In 2003, Uwe Bolle directed HOUSE OF THE DEAD as the first of a series of video game adaptations allegedly financed for tax reasons by a consortium of wealthy German businessmen. Bolle, who has confessed to having little interest in horror, nevertheless impressed his bosses with his early serial killer featurette AMOKLAUF, and has gone on to carve a critically despised but profitable niche for himself within the genre. He and his writing team rejected even the simple but workable story outline of the game, instead turning in pretty much a generic zombie movie about teens who get lost on their way to a rave and end up in an island undead outbreak. The film's scant acknowledgements of the game besides the fact that there's a much smaller House in it come in a few scenes which emphasize gunplay.
HOUSE OF THE DEAD II, which debuted on the Sci-Fi Channel in an edited-for-TV edition, is thankfully Bolle-free, with the directorial reins passed to former martial arts champ Michael Hurst, who directed the 1999 gangster thriller NEW BLOOD. Hurst wastes no time in preliminaries, delivering both
glorious nudity and a hungry zombie (both represented by Paige Peterson) before the opening credits. Campus mad scientist Sid Haig (THE DEVIL'S REJECTS) uses a stray sorority girl in his experiments in re-animating the dead, resulting in an instant outbreak of undead flesh-eaters. The sequel gets back to the game's plot by introducing AMS agents Ellis (Ed Quinn of BEEPER) and "Nightingale" Alex (SAW II's Emmanuelle Vaugier) who arte sent into the infected college town to retrieve a blood sample from the attacking "hyper-sapiens", along with any survivors they might find, before the military destroys the whole area with bombs. As insurance, their CO Col. Casper (Ellie Cornell, lone holdover from the original) provides them with a Special Forces team one of the least professional units seen outside of comedy movies.

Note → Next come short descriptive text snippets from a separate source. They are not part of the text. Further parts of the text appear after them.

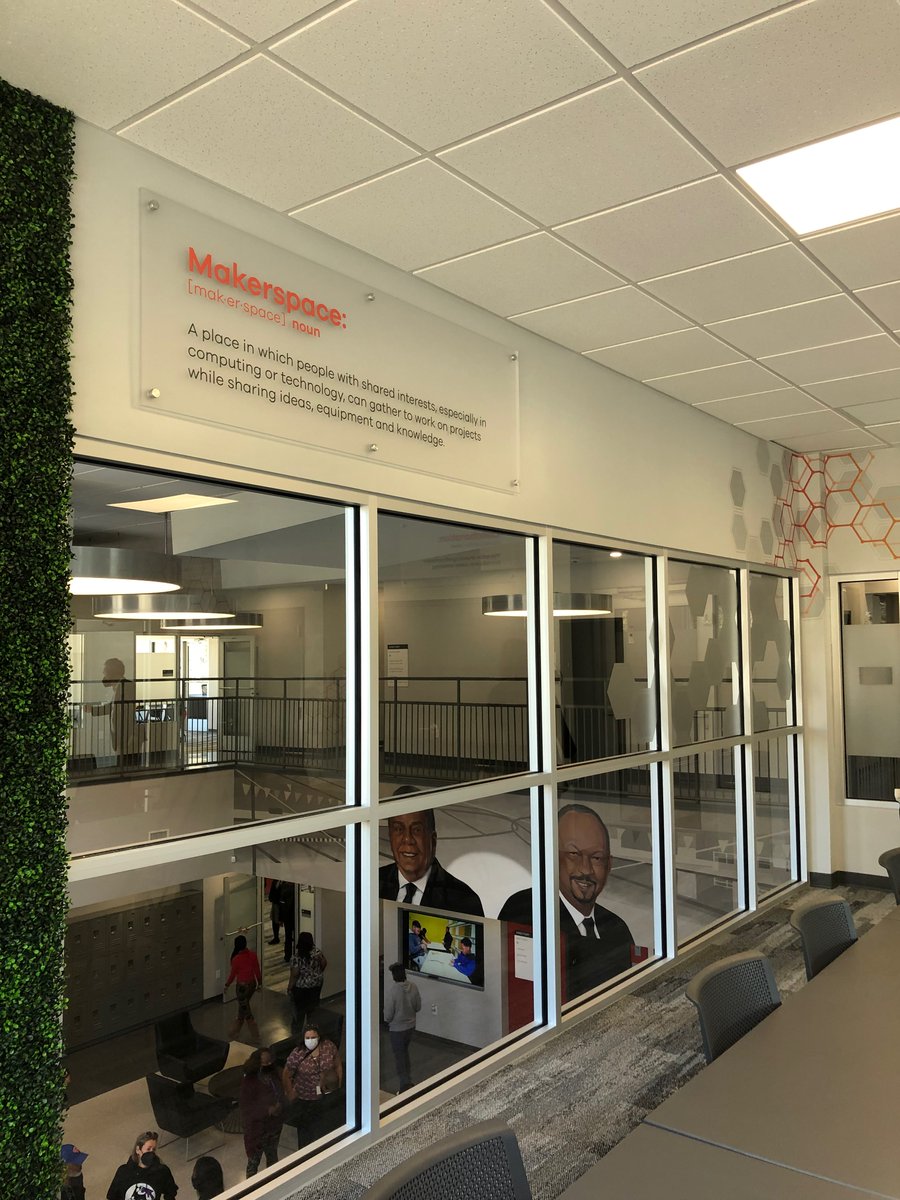 GasSouth's tweet photo. Yesterday, we celebrated the opening of the @atlpolicefdn‘s third At-Promise Center. We partnered with the @atlantaymca to help fund a STEAM lab, which will support the center’s education services that help increase graduation rates and college readiness for Atlanta youth. https://t.co/aUCa0IFOBP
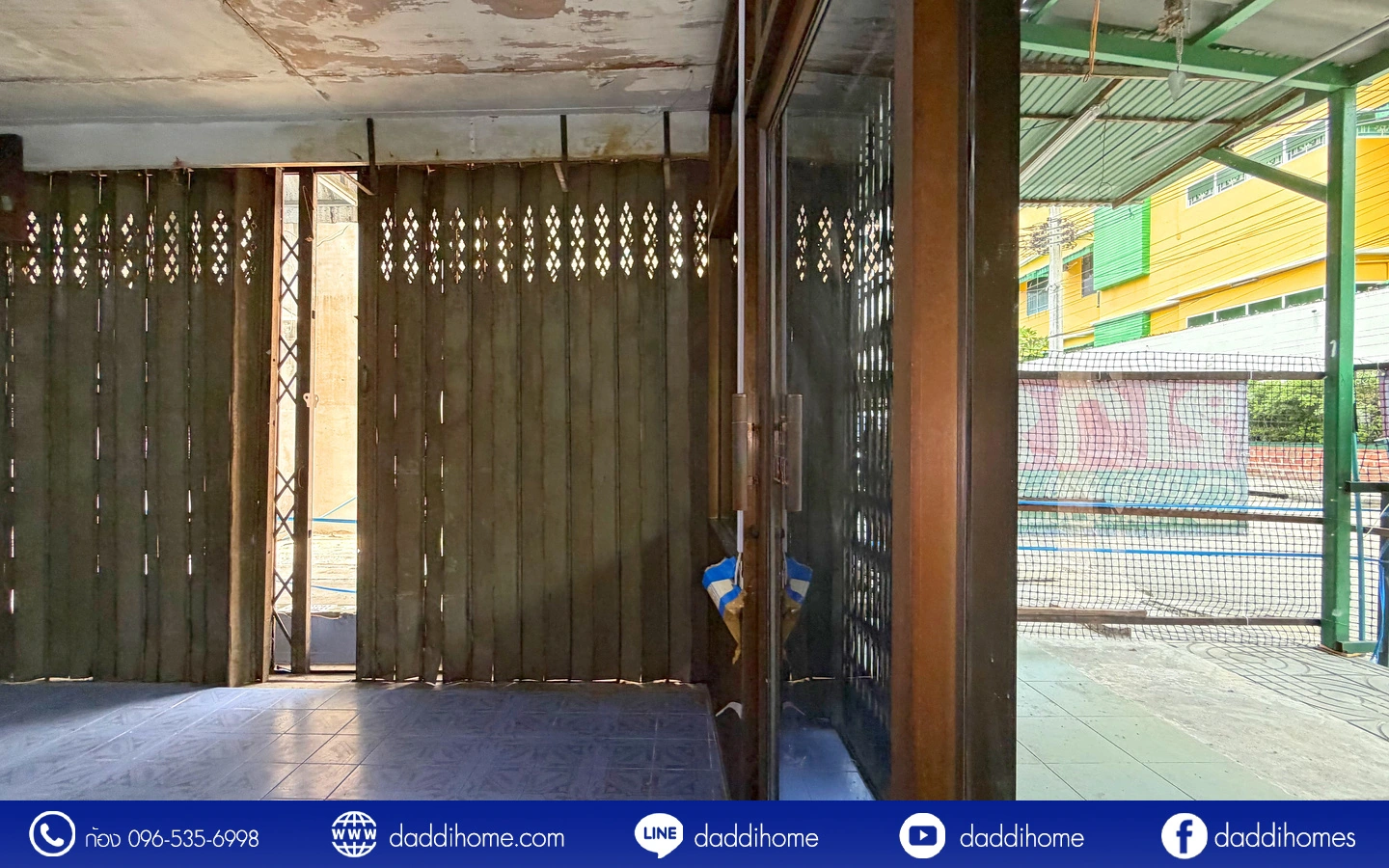 ขายอาคารพาณิชย์ 3 ชั้นครึ่ง หลังมุม เขตพระนคร ใกล้ถนนบุญศิริ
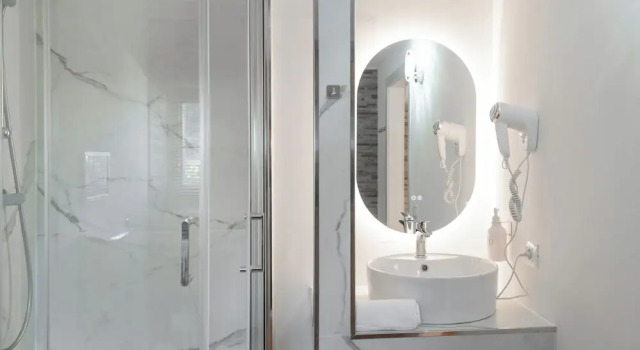 Четырёхместный номер Comfort с балконом и с видом на реку Villa Vitti's - Verona est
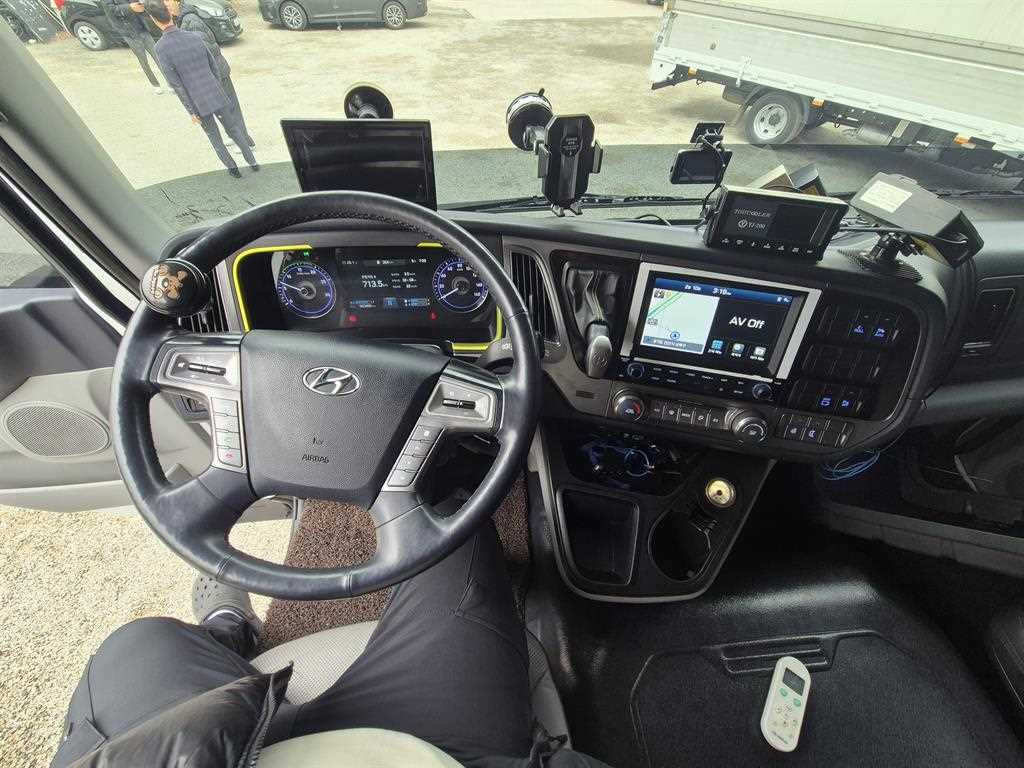 현대 파비스 8.5톤 컨테이너 냉동탑 2020년식 주행 563,460km 중고 화물차 상세 이미지 16
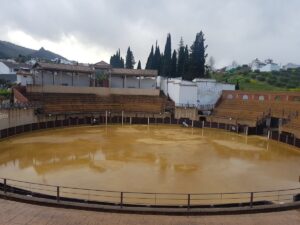 PLaza de toros de Almedinilla, inundada por el agua.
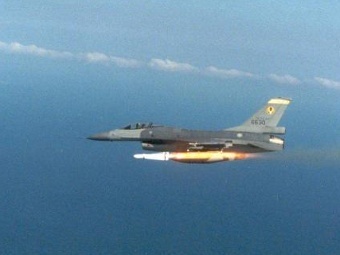 F-16 ВВС Тайваня. Фото с сайта defenseindustrydaily.com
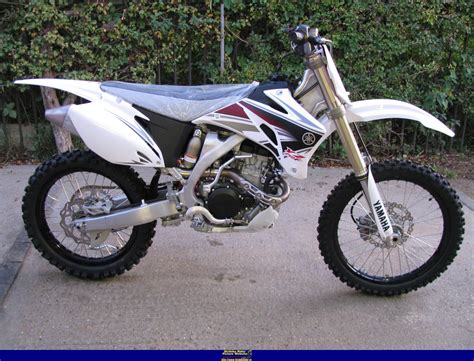 The 2020 yamaha yz250f has a starting suggested retail price of $8,199 and is available in team yamaha blue and gray. 2009 Yamaha YZ 250 F: pics, specs and information ...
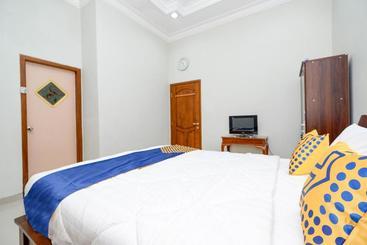 هتل Spot On 2618 Jepara Guest House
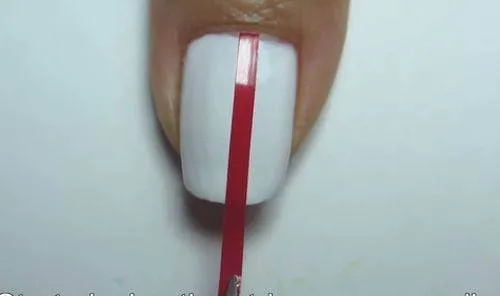 Modele de unghii simple de facut acasa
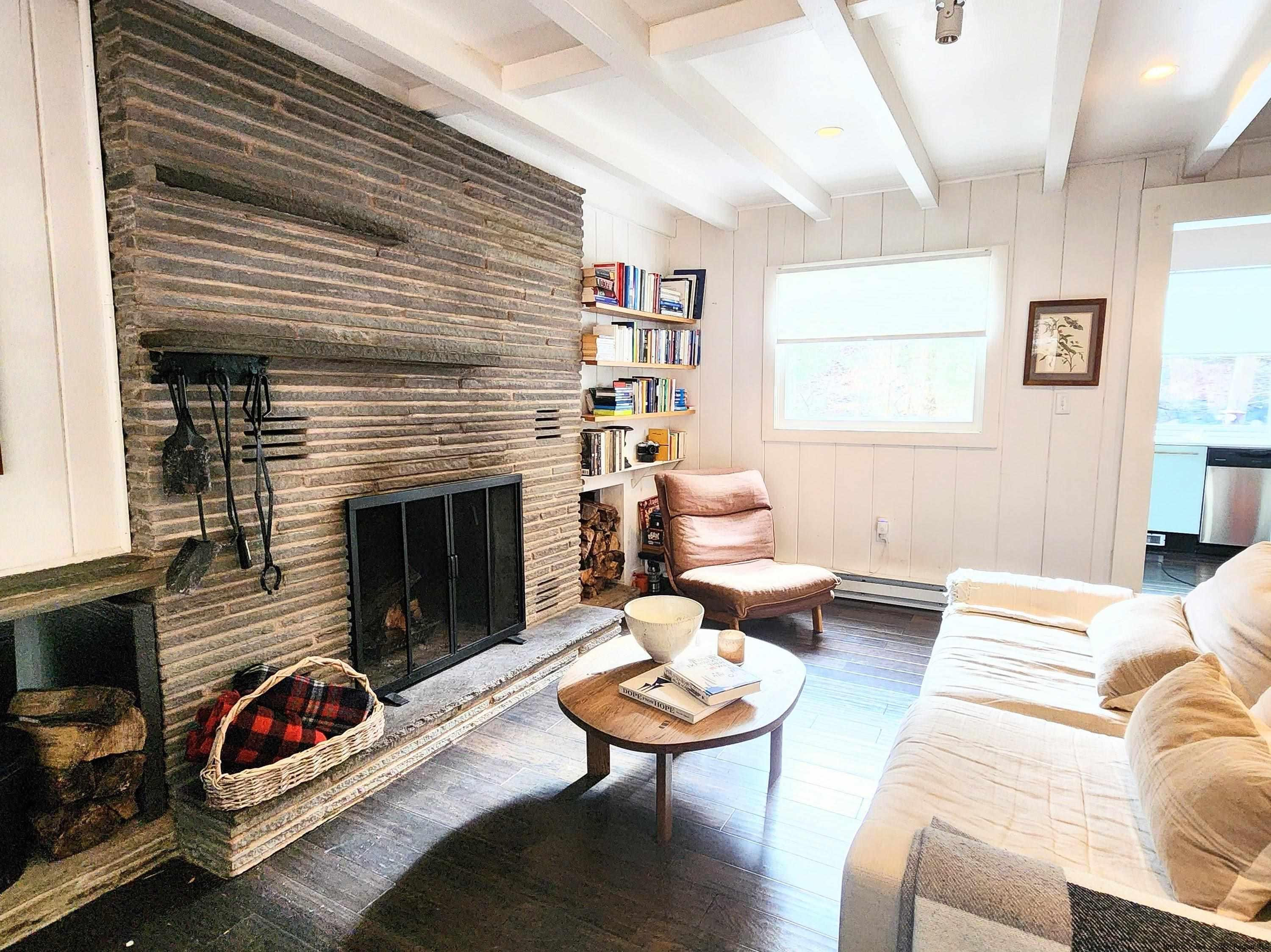 1121 Huckleberry Brook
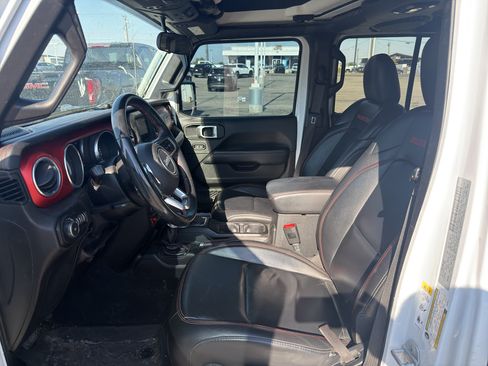 Used 2018 Jeep Wrangler Unlimited Rubicon w/ Steel Bumper Group AWD/4WD image 9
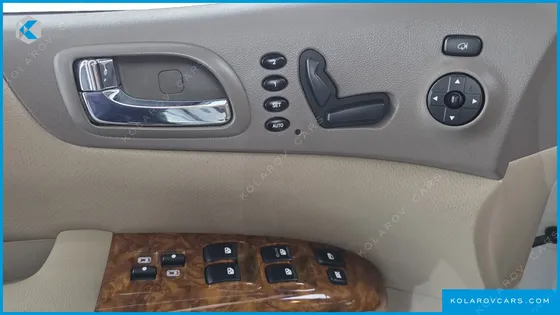 KIA CARNIVAL GRAND CARNIVAL HI LIMOUSINE GLX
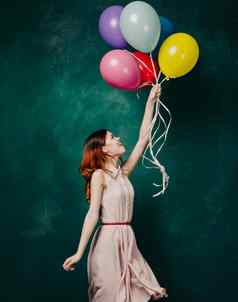 快乐的女人色彩斑斓的气球生日有趣的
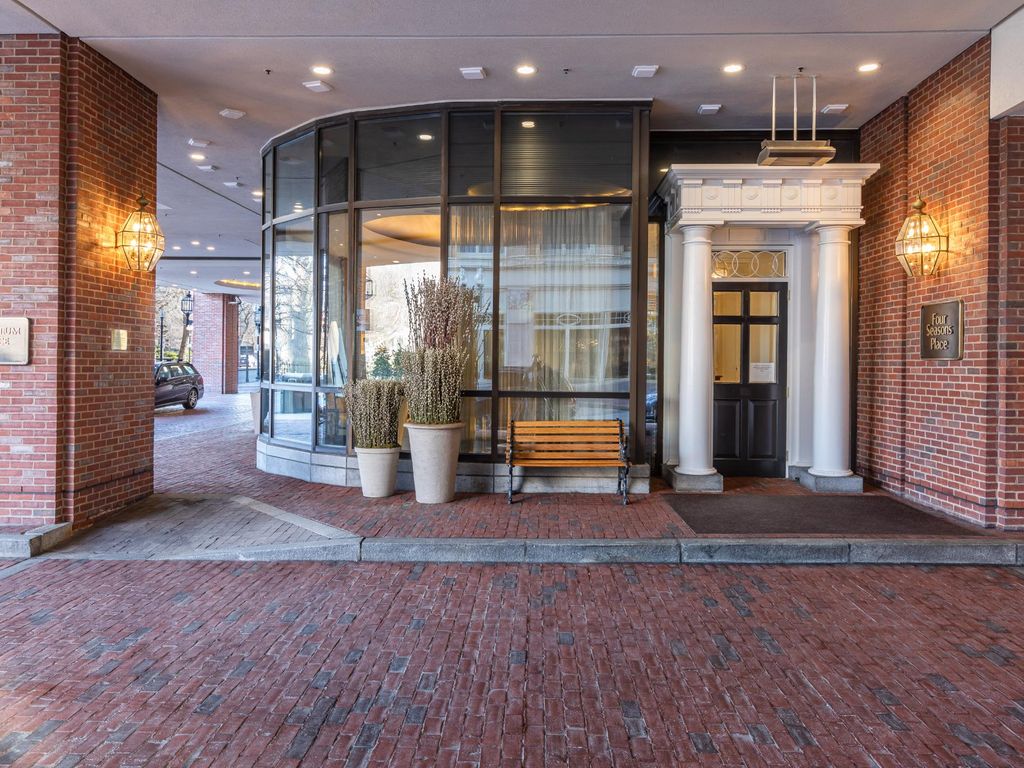 Luxury apartment complex for sale in 220 Boylston Street - Unit 1114, Boston, Suffolk County, Massachusetts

Throughout its run through zombie movie clichés (such as the "survivor" that turns out to be a zombie, infected team members who need to be executed, etc.), HOUSE OF THE DEAD II manages to keep things interesting with an undercurrent of self-aware humor, and of course, plenty of bloody gore. The cast, for the most part, is capable of delivering even the most insipid dialogue with conviction, and they're given some refreshingly intriguing situations to contend with alongside the familiar. The DNA sample is being sought to develop a vaccine against the plague, one scene has a soldier infected with the zombie virus by a mosquito, there's a zombie football game, and the living dead move more quickly than the traditional Romero zombies due to the mutation of the virus. There's nothing exceptional about any of the material, but this is a classic next to the awful original.
On the disc's Making-Of featurette and commentrak, the filmmakers reveal that they did indeed put some thought into the production, and owning up to the fact that nobody was happy with the original, but it gave them an opportunity to build a better sequel. The script was developed from another finished script, which may account in part for the way the story holds up, as it wasn't written as a "video game movie". Writer/producer Mark A. Altman is especially impressive with an enthusiasm that reminds me of a young John Landis. One big problem with the flick shows up in the deleted scenes, which show the intention of more fully introducing the college setting a series of scenes that unfortunately were condensed into a title sequence.